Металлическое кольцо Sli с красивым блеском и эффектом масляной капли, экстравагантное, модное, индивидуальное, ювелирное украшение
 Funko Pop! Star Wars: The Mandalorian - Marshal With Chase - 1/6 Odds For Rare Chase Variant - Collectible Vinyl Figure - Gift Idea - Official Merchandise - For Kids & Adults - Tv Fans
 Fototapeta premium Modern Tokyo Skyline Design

**********

Set down the complete listing once more, exactly as it appears.

Металлическое кольцо Sli с красивым блеском и эффектом масляной капли, экстравагантное, модное, индивидуальное, ювелирное украшение
 Funko Pop! Star Wars: The Mandalorian - Marshal With Chase - 1/6 Odds For Rare Chase Variant - Collectible Vinyl Figure - Gift Idea - Official Merchandise - For Kids & Adults - Tv Fans
 Fototapeta premium Modern Tokyo Skyline Design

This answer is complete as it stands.